Os pedidos judiciais, cada vez mais comuns, evidenciam que a paternidade, muitas vezes, ainda precisa ser imposta judicialmente diante da recusa do suposto pai em reconhecer voluntariamente. E não se trata de um problema recente: desde 2020, já são 482.345 ações que tramitam ou tramitaram nos tribunais do país sobre o tema.
Direito fundamental
Para a advogada Tatyanna Costa Zanlorenci, especialista em direito de família, o reconhecimento da paternidade é mais do que uma formalidade: é um direito fundamental. Ela cita que a filiação assegura não apenas laços afetivos, mas também direitos civis como herança, benefícios previdenciários, uso do sobrenome paterno, acesso à história familiar e pensão alimentícia.

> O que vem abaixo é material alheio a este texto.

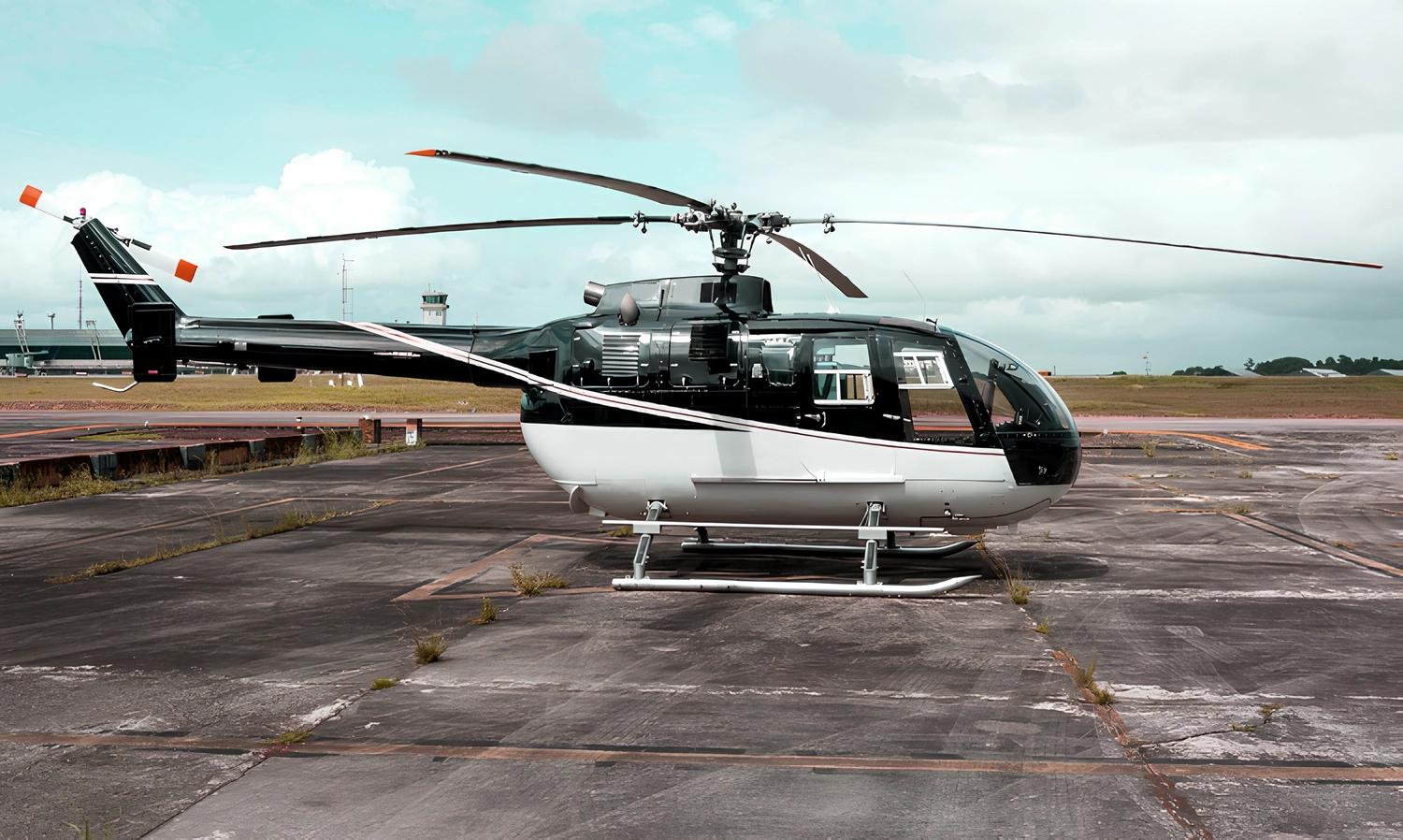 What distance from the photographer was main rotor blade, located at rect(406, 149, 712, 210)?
9469 mm

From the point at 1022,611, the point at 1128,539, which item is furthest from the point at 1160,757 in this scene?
the point at 1128,539

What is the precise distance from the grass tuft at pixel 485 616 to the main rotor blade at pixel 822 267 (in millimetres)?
4907

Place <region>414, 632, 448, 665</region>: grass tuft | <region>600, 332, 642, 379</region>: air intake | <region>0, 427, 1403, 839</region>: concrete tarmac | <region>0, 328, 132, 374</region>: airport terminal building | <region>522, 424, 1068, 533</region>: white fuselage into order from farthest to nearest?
<region>0, 328, 132, 374</region>: airport terminal building < <region>600, 332, 642, 379</region>: air intake < <region>522, 424, 1068, 533</region>: white fuselage < <region>414, 632, 448, 665</region>: grass tuft < <region>0, 427, 1403, 839</region>: concrete tarmac

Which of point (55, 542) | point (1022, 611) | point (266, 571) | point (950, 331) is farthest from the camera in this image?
point (55, 542)

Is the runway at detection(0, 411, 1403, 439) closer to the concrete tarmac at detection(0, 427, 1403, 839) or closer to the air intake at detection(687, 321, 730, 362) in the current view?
the concrete tarmac at detection(0, 427, 1403, 839)

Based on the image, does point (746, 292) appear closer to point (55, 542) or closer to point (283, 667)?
point (283, 667)

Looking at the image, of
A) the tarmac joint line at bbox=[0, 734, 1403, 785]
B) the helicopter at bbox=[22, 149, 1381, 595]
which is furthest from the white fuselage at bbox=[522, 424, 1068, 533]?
the tarmac joint line at bbox=[0, 734, 1403, 785]

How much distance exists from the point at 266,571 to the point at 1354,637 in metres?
11.2

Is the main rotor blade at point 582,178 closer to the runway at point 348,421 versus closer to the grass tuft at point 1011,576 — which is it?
the grass tuft at point 1011,576

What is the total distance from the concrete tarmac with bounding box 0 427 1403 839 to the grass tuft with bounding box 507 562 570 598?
27 centimetres

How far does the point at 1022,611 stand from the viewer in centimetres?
1030

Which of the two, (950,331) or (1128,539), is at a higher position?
(950,331)

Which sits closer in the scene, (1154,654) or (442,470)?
(1154,654)

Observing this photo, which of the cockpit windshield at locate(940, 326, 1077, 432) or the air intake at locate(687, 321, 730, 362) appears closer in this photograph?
the cockpit windshield at locate(940, 326, 1077, 432) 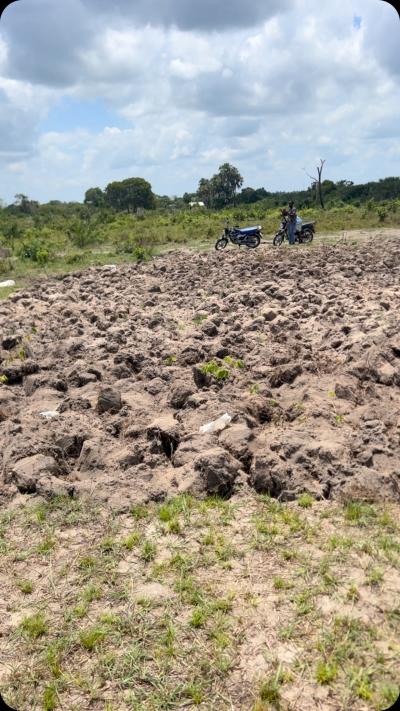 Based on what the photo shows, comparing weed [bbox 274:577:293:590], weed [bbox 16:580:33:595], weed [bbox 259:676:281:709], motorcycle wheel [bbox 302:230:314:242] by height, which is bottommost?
weed [bbox 259:676:281:709]

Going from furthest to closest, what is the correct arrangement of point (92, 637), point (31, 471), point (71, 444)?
1. point (71, 444)
2. point (31, 471)
3. point (92, 637)

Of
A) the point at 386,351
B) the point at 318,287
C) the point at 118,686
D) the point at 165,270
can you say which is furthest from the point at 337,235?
the point at 118,686

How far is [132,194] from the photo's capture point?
58250mm

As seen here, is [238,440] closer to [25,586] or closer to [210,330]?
[25,586]

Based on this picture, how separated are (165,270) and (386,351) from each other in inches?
373

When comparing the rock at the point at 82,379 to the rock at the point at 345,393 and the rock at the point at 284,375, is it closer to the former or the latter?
the rock at the point at 284,375

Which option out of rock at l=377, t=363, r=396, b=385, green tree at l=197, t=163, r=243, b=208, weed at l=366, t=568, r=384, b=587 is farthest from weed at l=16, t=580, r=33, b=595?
green tree at l=197, t=163, r=243, b=208

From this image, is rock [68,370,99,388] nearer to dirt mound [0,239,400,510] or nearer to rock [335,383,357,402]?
dirt mound [0,239,400,510]

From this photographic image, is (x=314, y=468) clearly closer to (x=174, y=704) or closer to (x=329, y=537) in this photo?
(x=329, y=537)

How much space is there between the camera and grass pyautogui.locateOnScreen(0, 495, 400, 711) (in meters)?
2.61

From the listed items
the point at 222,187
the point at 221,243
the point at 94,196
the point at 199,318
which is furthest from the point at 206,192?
the point at 199,318

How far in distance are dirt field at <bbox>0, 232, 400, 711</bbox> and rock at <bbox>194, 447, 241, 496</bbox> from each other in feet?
0.04

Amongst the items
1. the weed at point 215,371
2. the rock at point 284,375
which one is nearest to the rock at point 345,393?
the rock at point 284,375

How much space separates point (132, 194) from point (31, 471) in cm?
5636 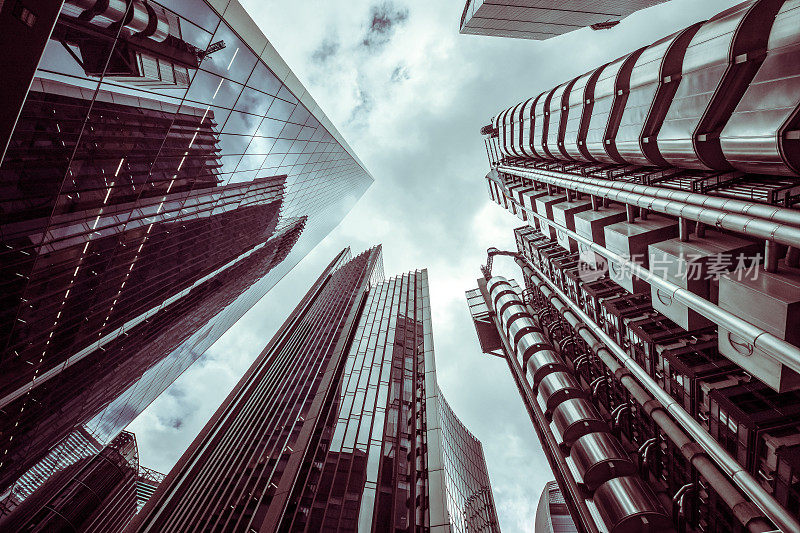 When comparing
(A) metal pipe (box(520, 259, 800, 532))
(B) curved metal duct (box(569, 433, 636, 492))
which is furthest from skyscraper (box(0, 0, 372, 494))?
(B) curved metal duct (box(569, 433, 636, 492))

“Isso a gente tem que ter bem em mente quando fala sobre essas ações de parentalidade, de paternidade, lembrando que a paternidade pode ser exercida de forma biológica ou socioafetiva. Cada vez mais o ordenamento jurídico está caminhando para se adequar às transformações que acontecem na nossa sociedade”, diz a especialista.
A advogada lembra que, mesmo diante da recusa ou ausência do suposto pai, a lei garante meios para assegurar o vínculo, como a realização de exame de DNA com parentes próximos — possibilidade prevista na Lei nº 14.138/2021. “O ordenamento jurídico tem avançado para se adequar às mudanças da sociedade, reconhecendo que o afeto também constrói família e merece a mesma proteção da filiação biológica”, diz.
Segundo ela, a importância desse reconhecimento vai além do aspecto jurídico. “Saber de onde veio e ter esse laço reconhecido é fundamental para a identidade e a dignidade da pessoa”, afirma Tatyanna.
Já o advogado Lucas Menezes, especialista em direito de família, lembra que o Congresso Nacional hoje pretende elaborar um projeto que visa tornar o procedimento menos burocrático.
“Pela proposta, se a mãe indicar o suposto pai, ele deverá registrar o filho ou realizar exame de DNA para comprovar que não é o genitor. Caso se recuse, seu nome será incluído no registro, e caberá a ele ir à Justiça para provar o contrário”, detalha.
Para o especialista, mudanças no procedimento de investigação de paternidade têm como objetivo equilibrar responsabilidades e acelerar os resultados. “Essa inversão da lógica busca garantir mais efetividade ao reconhecimento da paternidade e corrigir um desequilíbrio histórico: sempre foi a mãe quem arcou com os prejuízos da ausência paterna”, explica.
Até junho deste ano, as ações de reconhecimento da paternidade somaram 29.228 casos. É um procedimento prévio, administrativo, consensual e sem custos, que tem o objetivo de produzir prova de paternidade de forma simples e rápida — sem a necessidade de judicialização.
Pais ausentes
Dados do Portal da Transparência do Registro Civil, na seção Pais Ausentes, mostram que, desde janeiro deste ano, nasceram 1.508.063 pessoas no Brasil. Dessas, 64.776 não têm o nome do pai na certidão — o equivalente a 4,29% dos registros.
A maior concentração está no Sudeste, tanto no número total de nascimentos quanto no de pais ausentes, seguido por Nordeste, Sul, Norte e Centro-Oeste.
O levantamento considera dados de 1º de janeiro a 8 de agosto e é administrado pela Associação Nacional dos Registradores de Pessoas Naturais (Arpen-Brasil), responsável por reunir informações de nascimentos, casamentos e óbitos registrados em todos os cartórios do país.